Vielleicht geht ja die Hy6 komplett an Sinar, mal abwarten.
Rolleiflex kauft man gebraucht
Der Markt ist voll von gebrauchten (analogen) Rolleiflexen und die Dinger halten, “Pech” für den Hersteller, bei entsprechender Pflege ein Jahrhundert… So stellt man sich mit deutscher Wertarbeit irgendwann selbst ein Bein. 😉
Da ist wohl…
der Insolvenzverwalter auch schon mit dem Rollei-Virus, Variante FH1-negativ, infiziert, wie zuvor sämtliche Investoren.
Welche Betriebsform mit dem Werkeln von ein paar hundert Diaprojektoren (jährlich!) bei zweistelliger Schrumpungsrate (in Prozent, nicht Stückzahl) bestehen könnte, war schon immer schleierhaft.
Dennoch wurde es gut 10 Jahre so weitergeschleppt.
Das tote Pferd schien nur leichter zu werden, weil bereits die verwesten Brocken abfielen.
Für das Sammelobjekt “Kult-Zweiauge” (die optische Qualität der Originale war nach nötigen Konstruktionsänderungen unerreichbar) gilt fast das Identische, abgesehen von den Schrumpfungszahlen.
Das “Geschäft” läuft weder lange noch konstant genug, um von Trends zu sprechen. Nur: aufwärts gehts ganz sicher nie mehr.
Für die Fachverschlüsse findet sich vielleicht ein talentierter Zahnarzt.
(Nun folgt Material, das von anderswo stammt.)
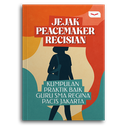 Jejak Peacemaker Recisian: Kumpulan Praktik Baik Guru Sma Regina Pacis Jakarta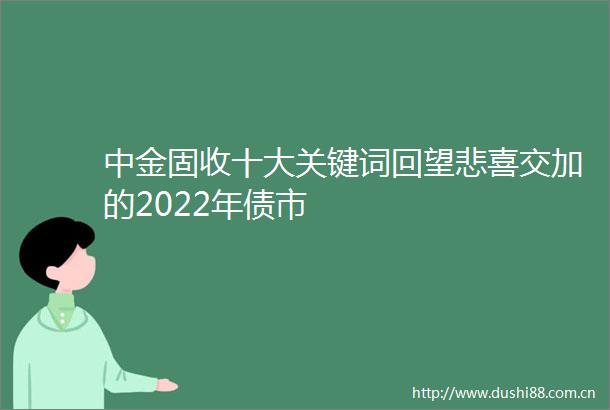 中金固收十大关键词回望悲喜交加的2022年债市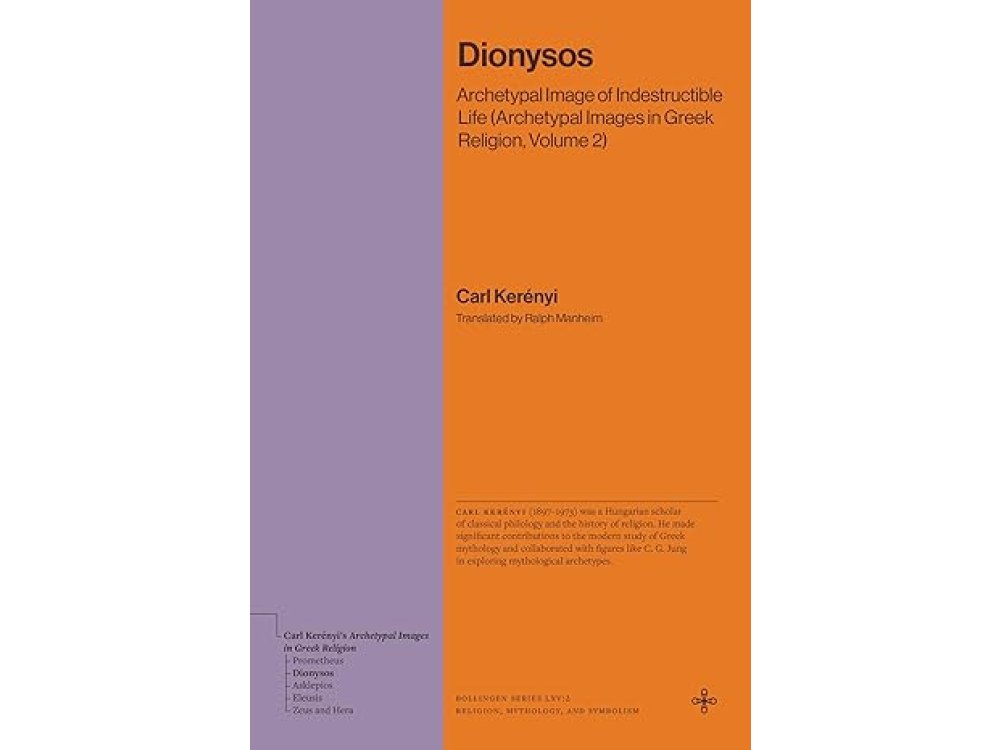 Dionysos: Archetypal Image of Indestructible Life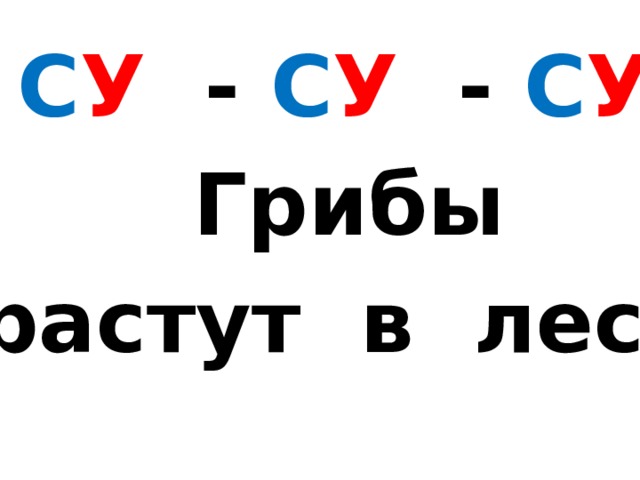 С У - С У - С У  Грибы  растут в лесу .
Das an der Hy6 keinerlei Eigentumsansprüche bestehen, musste selbst der Herr Insolvenzverwalter entdecken; wieso der eigentlich auch “Kirchberg” heißt, nachdem schon im Januar ein “Peter Kirchberg” ans Ruder der gesunkenen Barke gestellt wurde, ist mal was für Ahnenforscher, oder investigativen Journalismus. Wenn die verwandt sind , und Letzterer Wochen vor Konkursanmeldung für den “sauberen Abgang” installiert wurde, wäre das ganz dem alten Rolleianer-Schlawinergeist entsprechend…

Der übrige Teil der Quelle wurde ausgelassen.